Liberal ideas are gasping for breath in Indian universities as the ABVP delivers a Dudley death drop
Rahul Dass | February 23, 2017 | New Delhi
University of Hyderabad, Jawaharlal Nehru University and now University of Delhi…the free space for discourse is steadily being squeezed out of universities in India as the Rashtriya Swayamsevak Sangh (RSS) backed Akhil Bharatiya Vidyarthi Parishad (ABVP) imposes its will and forcibly blocks out alternate liberal minds.
This relentless saffron-tinged march, which has become pronounced after the BJP won a stunning victory in the 2014 Lok Sabha polls, is a worrying trend since it deals a blow to the very foundation which the constitution makers had laid.
Let us first get the facts straight.

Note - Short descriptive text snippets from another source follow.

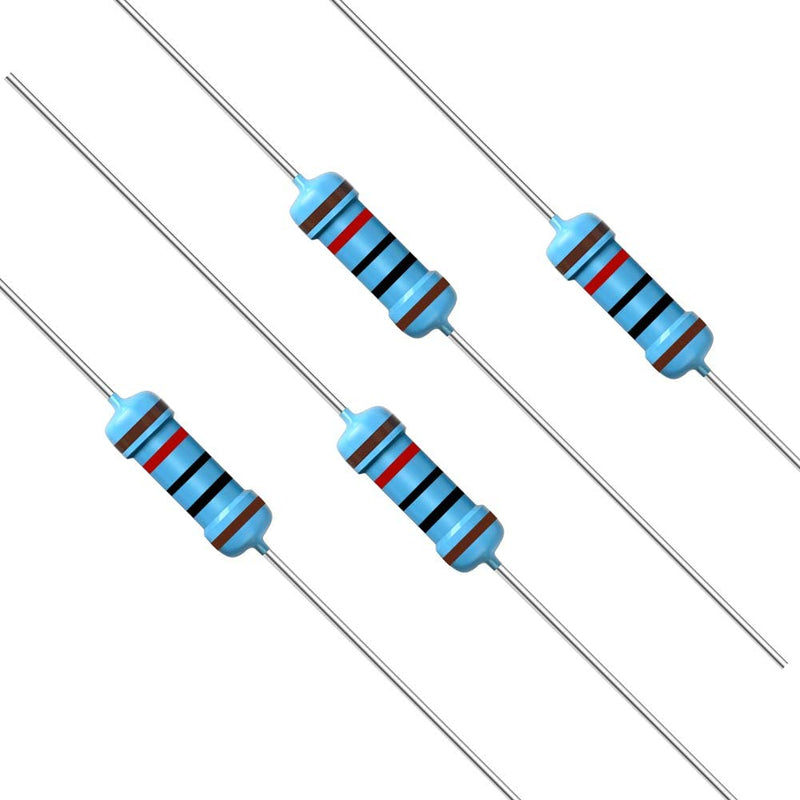 [Australia - AusPower] - 100 PCS 10K ohm Resistor 1/4w (0.25 Watt) ±1% Tolerance Metal Film Fixed Resistors, Over 200 Multiple Values (0~22M ohm) of Resistance Optional(10K ohm,10K R,10K ?) [CJ25-006] 10K ? 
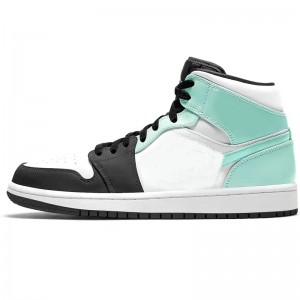Jordan 1 Mid ‘Island Green’ G Fashion Sport Fashion Shoes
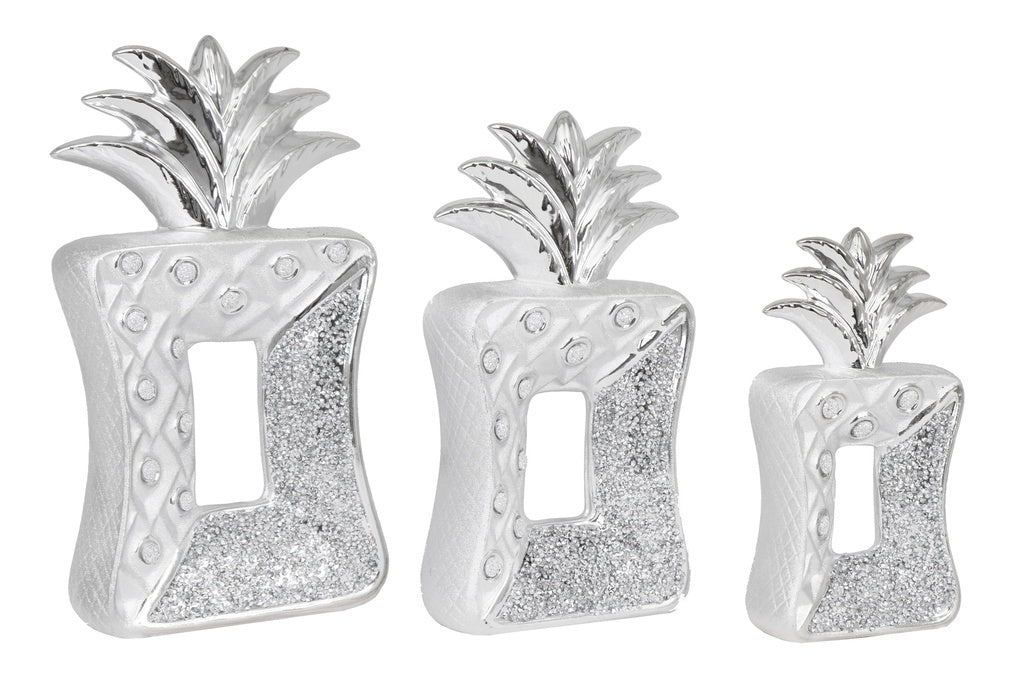 Ceramic Pineapple Set Kitchen Decor 3 pcs
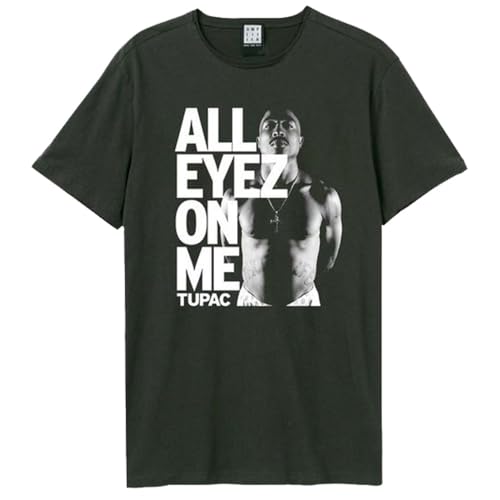 T-shirt Tupac Shakur Amplified haut de gamme avec sérigraphie vintage premium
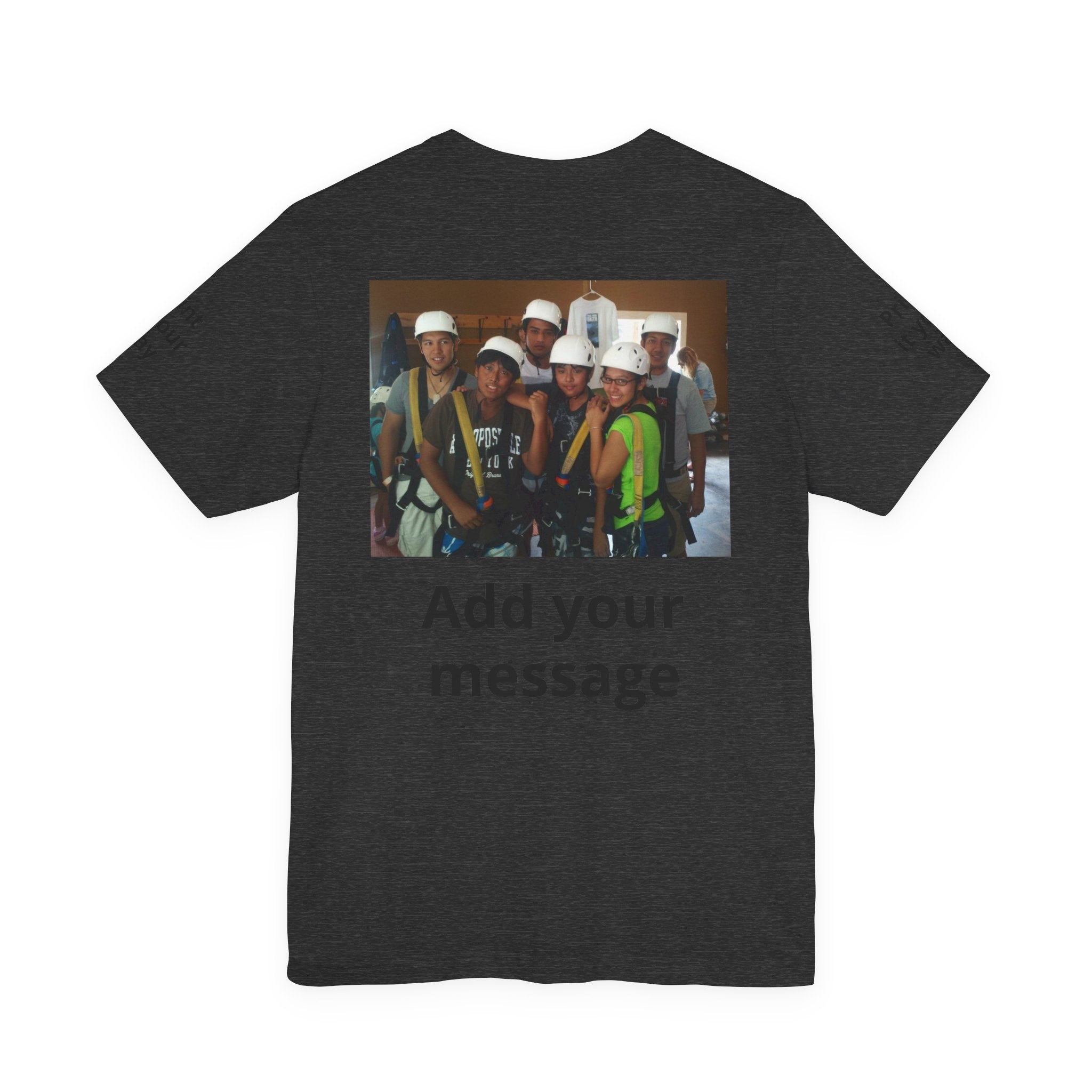 Custom Photo Tee — Add Your Message Personalized Group T-Shirt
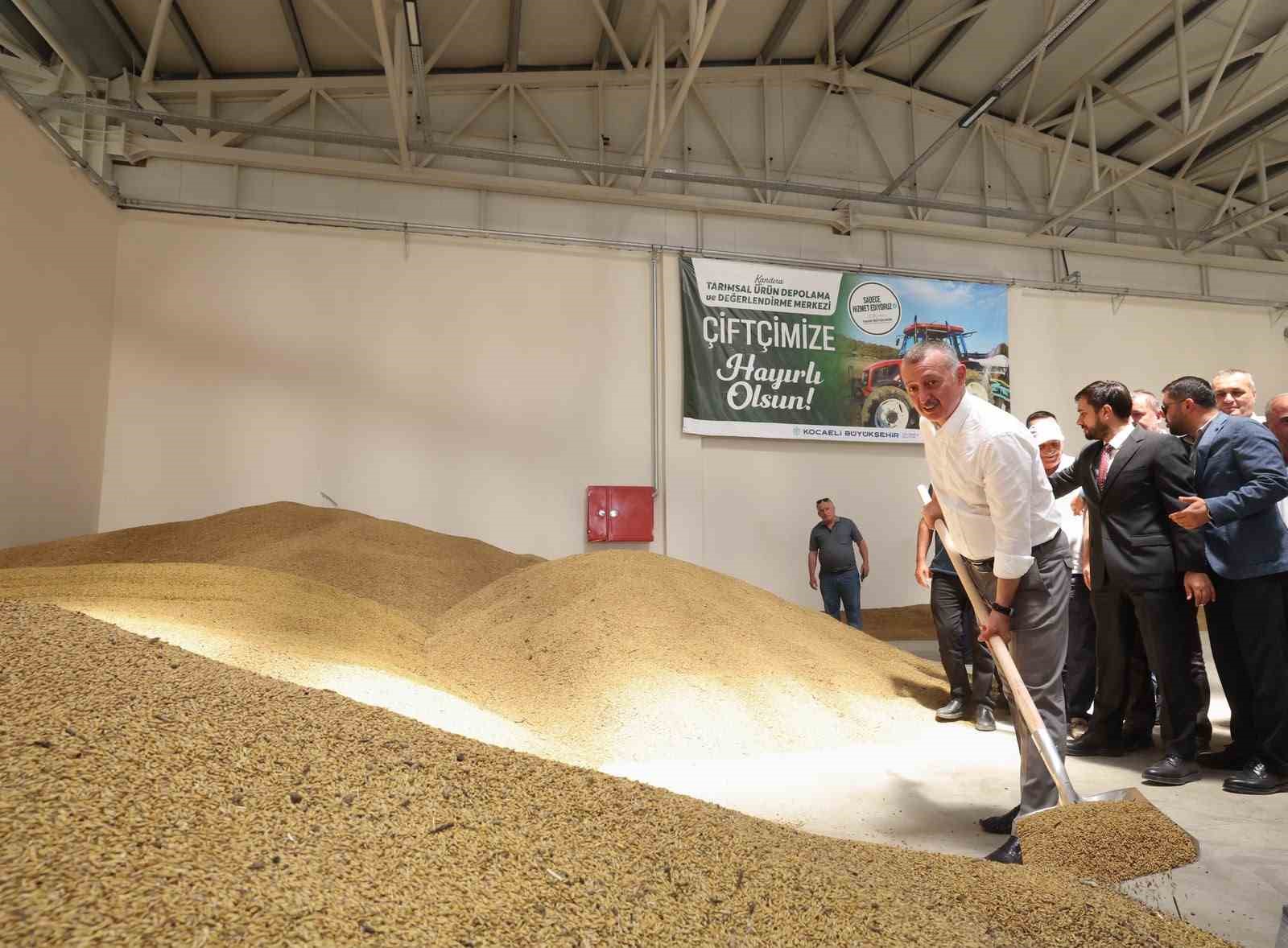 Kandıralı çiftçilerin depolama sorununa modern çözüm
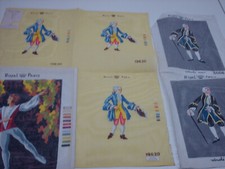 6 quadretti mezzo punto puro cotone della royal paris - MOULINE - COTONE LANATO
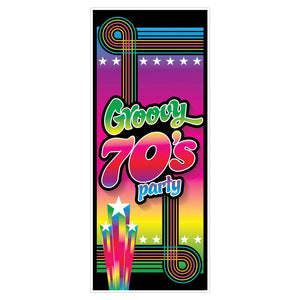 Beistle 70's Groovy Party Door Cover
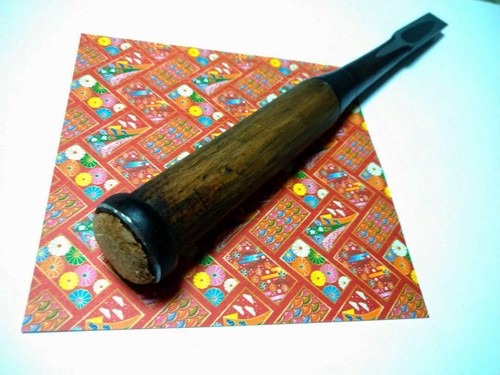 Hidari Hisasaku Tataki Nomi scalpello giapponese per legno 16,5 mm usato 左久作 - Foto 12 di 12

The ABVP has a right to protest. That right cannot and must not be taken away. But, when they resort to violence to thrust their ideas on others, nationalism takes a dangerous and frightening turn.
Over two days this week, the ABVP showed its true colours. On Tuesday, it pelted stones at Ramjas college auditorium in Delhi University’s north campus to protest an invite to JNU student Umar Khalid, who has been accused of sedition. A day later, it was a street fight when the students who believe in the Left ideology decided to protest what happened on Tuesday.
Students were manhandled and even the media was not spared – all in the name of imposing its brand of nationalism. It was a free-for-all.
The ABVP has clearly overstepped the line and the government of the day must take a serious note, otherwise there is a serious risk of violence being glorified. If that happens, then the civil society would be under threat and the day won’t be far when this glorious nation turns into a banana republic.
ABVP’s role in Rohith Vemula’s suspension from Hyderabad University coupled with what it did during the stir at JNU should have set the alarm bells ringing. But, that did not happen. Delhi University became the next target.
India has 677 universities and 37,204 colleges.
In three universities, high visibility instances of erosion of liberalism have taken place. It is a dangerous trend and there is a looming fear that other universities may be next. This runaway road-roller needs to be stopped before it flattens the idea that made India.